# Warum ständige Client-Updates?



## BlackBetty466 (27. März 2013)

*Warum ständige Client-Updates?*

Mahlzeit!

Ist das eigentlich normal, dass Steam fast täglich mehrere Updates macht?
Wollte die letzten Abend nach der Spätschicht gemütlich auf der Couch ein bisschen Arkham Asylum spielen, was ja dank Big Picture Modus mit dem Pad auch super funzen sollte (nur blöd, dass man zum Starten des Spieles doch wieder einen Mausklick braucht...).

Doch jeden Tag nach etwa 10 Minuten zocken wird das Spiel minimiert und ich glotze auf die Big Picture Oberfläche. Dann darf ich erstmal wieder in den Desktop-Modus, das Client-Update bestätigen und dann das Spiel wieder maximieren. Nächsten Tag vor der Spätschicht prüfe ich auf Updates, meistens gibt es eines. Trotzdem abends wieder der selbe Mist. Der BP-Modus ist ja 'ne tolle Idee, macht nur keinen Sinn, wenn man den ständig verlassen muss, weil ein Client-Update rumnervt...

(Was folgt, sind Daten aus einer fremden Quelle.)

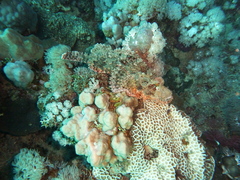 Scorpaenopsis oxycephalus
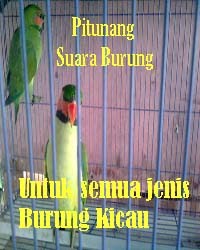 Rahasia lomba kicau burung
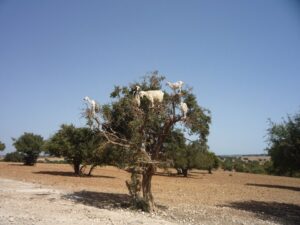 Una fattoria marocchina immersa nella natura, con una suggestiva quercia a fare da cornice al paesaggio Il suolo ricco e fertile è popolato da bestiame selvaggio, tra cui le pecore, che contribuiscono a rendere speciale latmosfera allaperto #FarmSuolo #Albero #Paesaggio #Natura #Allaperto #Bestiame #Pecora #Selvaggio #Fattoria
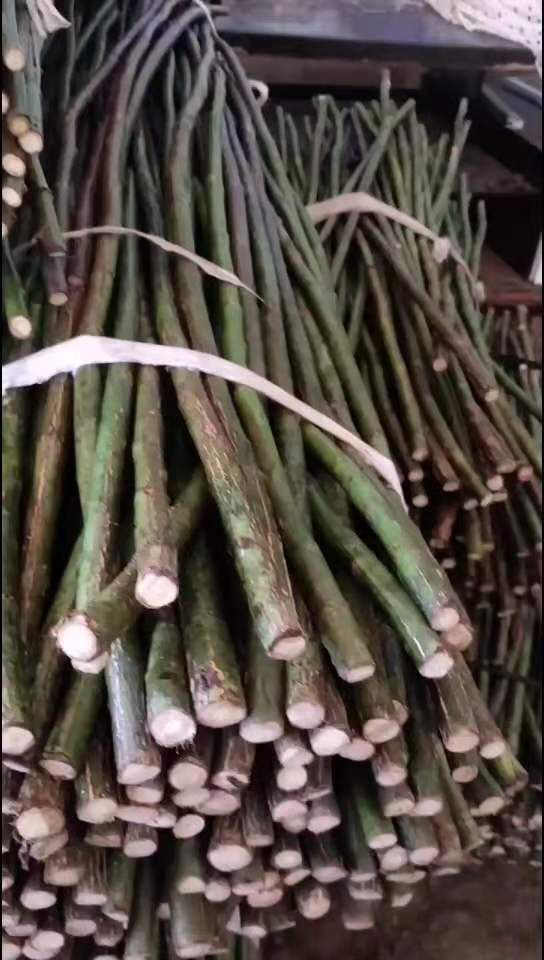 无刺蔷薇  蔷薇杆，小青杆，批发嫁接棒棒糖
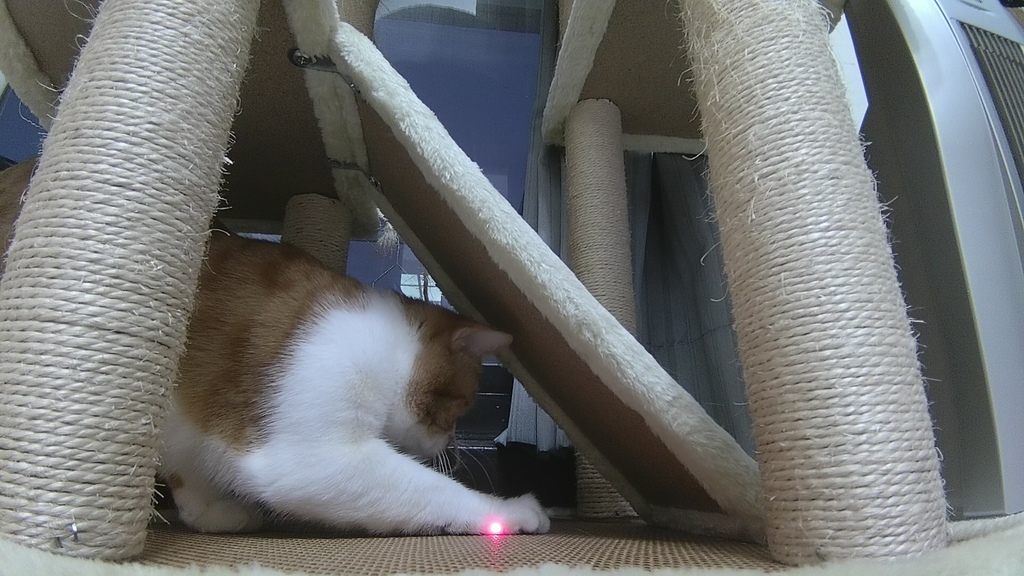 | 貓用品 | 如何讓貓一個人在家不無聊? Ebo智能寵物伴侶開箱體驗 @菲菲吳小姐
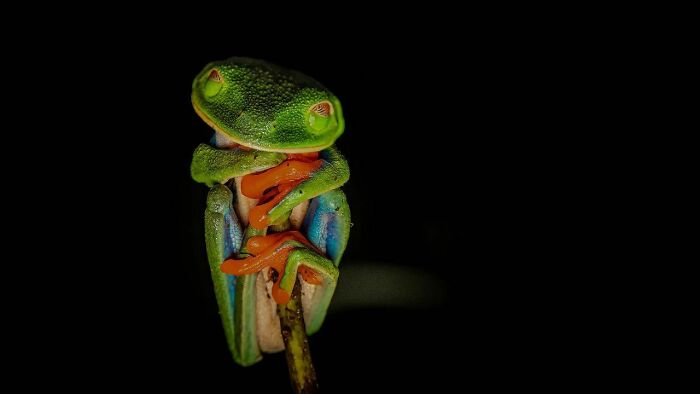 A vibrant green tree frog showcasing the raw beauty of wildlife against a black background.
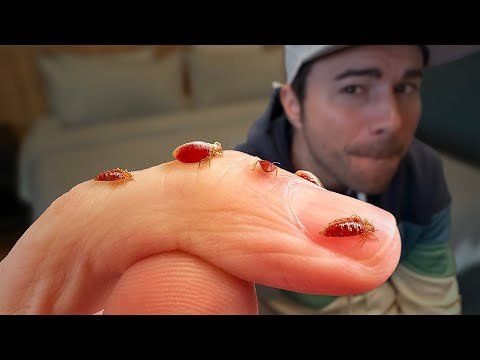 bed bugs, bed bug infestation, how to get rid of bed bugs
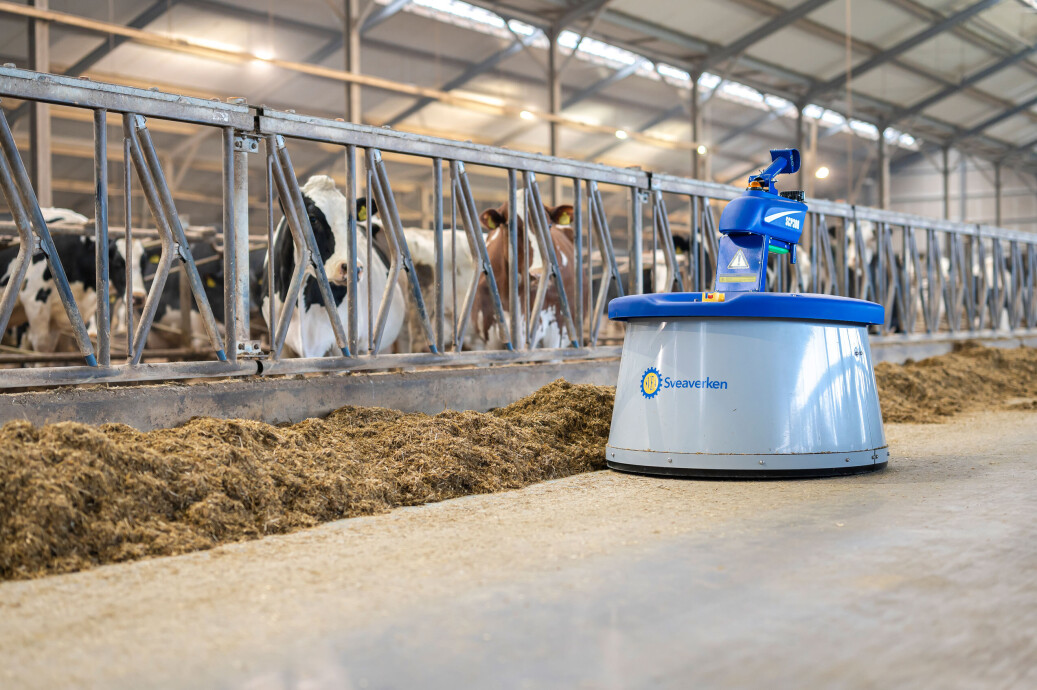 FFW-_z6f4532-Nimbo-LR-14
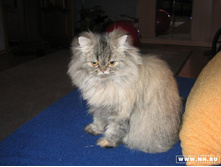 ������� ����� :)))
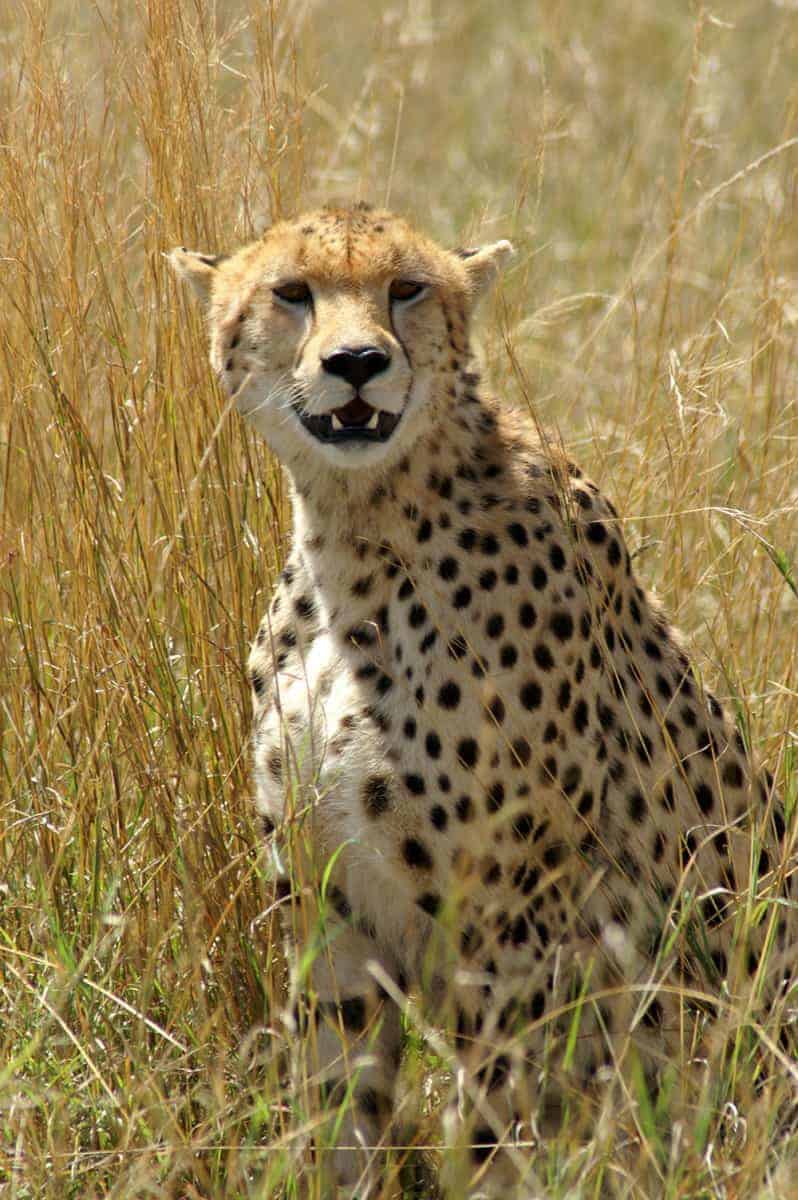 Fotoreizen Afrika Cheetah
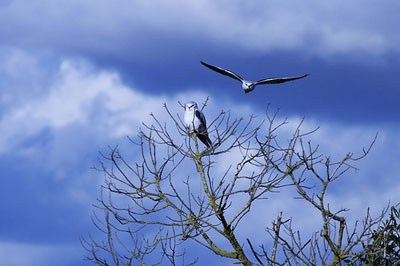 Elanus caeruleus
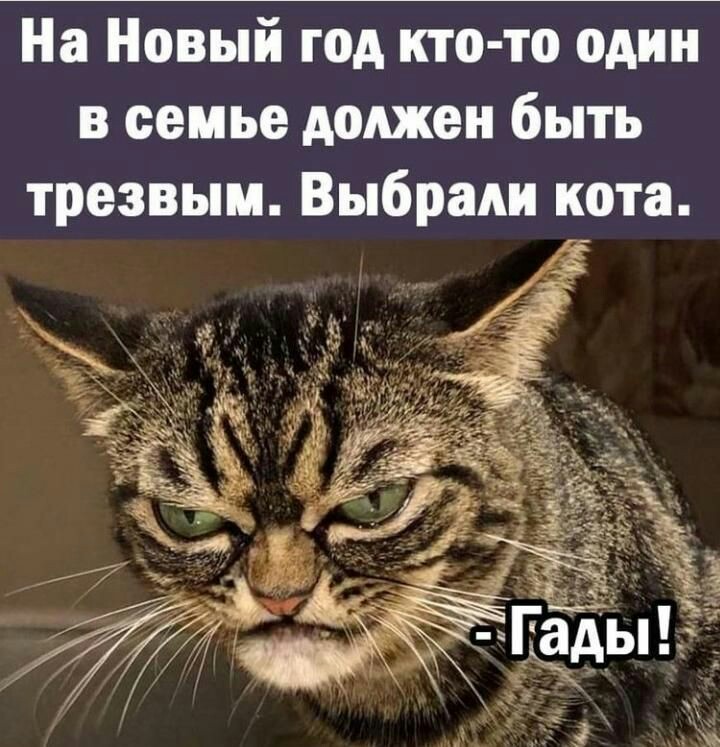 Настроение КОШКИ!, фото 1 Настроение КОШКИ!, фото 1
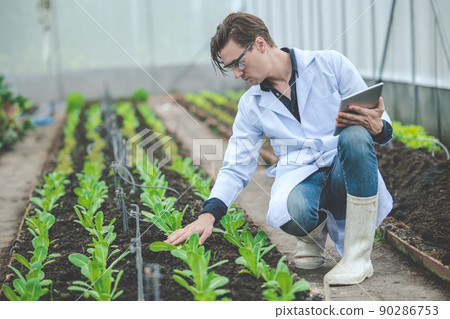 Agriculture plant science technology research and development concept. 90286753
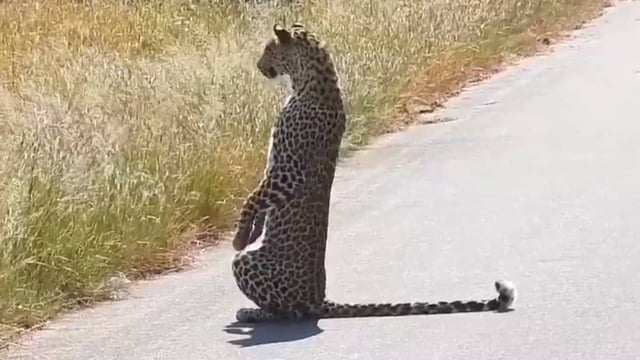 Leopard Caught Standing on Two Legs While Hunting | Image: X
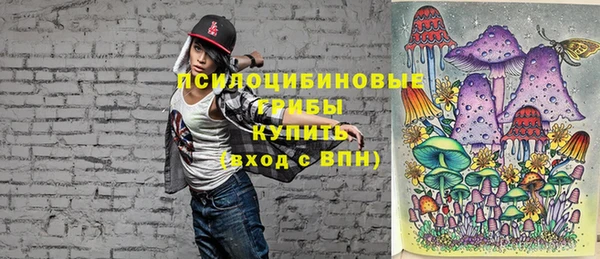 ГАЛЛЮЦИНОГЕННЫЕ ГРИБЫ Костерёво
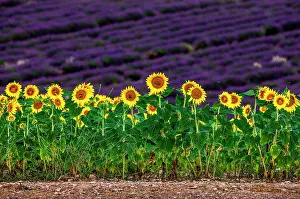 Villages: Sunflowers on a lavender field background. A bea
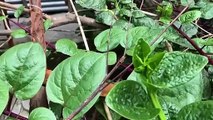 Vlog 35 | বাংলা চটি গল্প | Review of Malabar spinach plant@Alisha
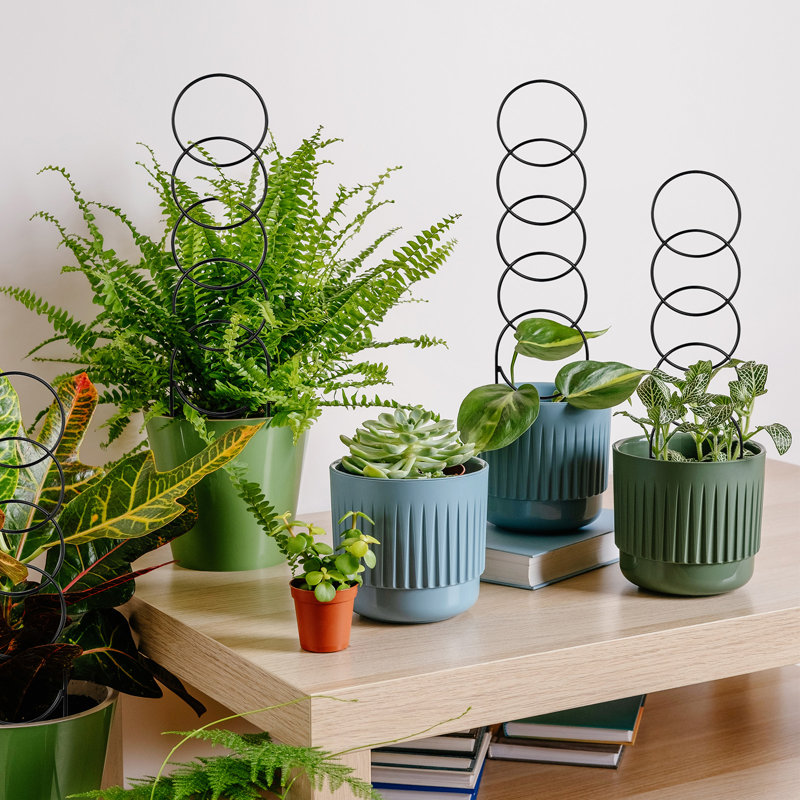 Support robuste antirouille - Treillis en métal pour plantes grimpantes et plantes en pot
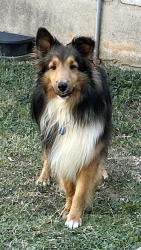 Lost Male Dog last seen Highway 71, Austin, TX 78736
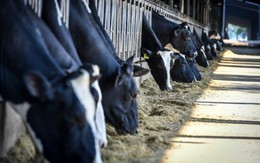 TH true MILK và khát vọng tự chủ nguồn sữa tươi nguyên liệu cho Việt Nam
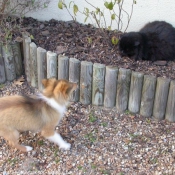 Photo de Chien de berger des shetland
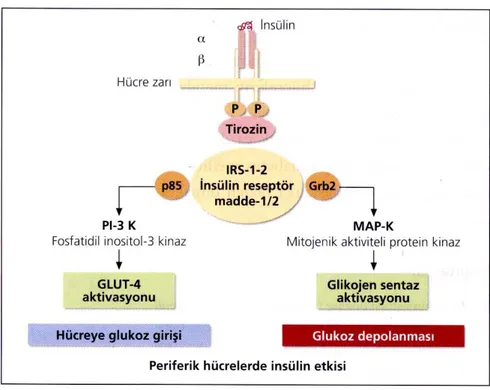 Şekil 2.5. İnsülin reseptör uyarısı, fosforilasyon kaskadı ve periferik hücrelerde insülinin etkisi 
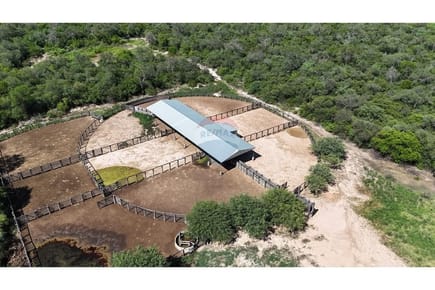 Vendo Campo en Mcal. Estigarribia Chaco La Gerenza    J.A.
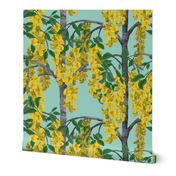 Laburnum Golden Rain Trees on Turquoise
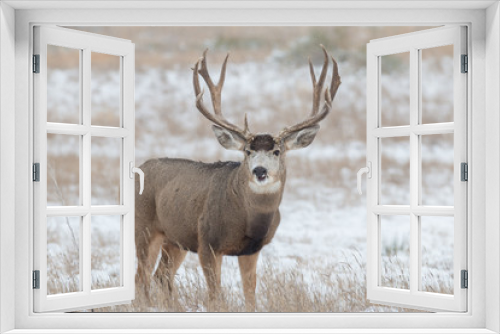 Fototapeta Naklejka Na Ścianę Okno 3D - Mule Deer Buck in snow
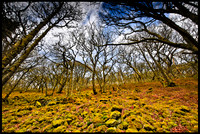 Elan Valley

Warum macht der Client denn überhaupt so viele Updates? Kann man das irgendwie unterbinden?

Das letzte Jahr habe ich fast ausschliesslich auf meiner XBox360 gedaddelt, weil mir das Aufrüsten, Upgraden, Updaten, etc. am PC zu nervig wurde. Jetzt das erste mal seit langem wieder versucht, am PC zu spielen und schon hab ich die Schnauze wieder voll


----------



## DarkScorpion (27. März 2013)

*AW: Warum ständige Client-Updates?*

Ja starte Steam und koch dir nen Kaffee oder ähnliches. Dann wenn du wieder kommst installiere das Update und alles ist ok.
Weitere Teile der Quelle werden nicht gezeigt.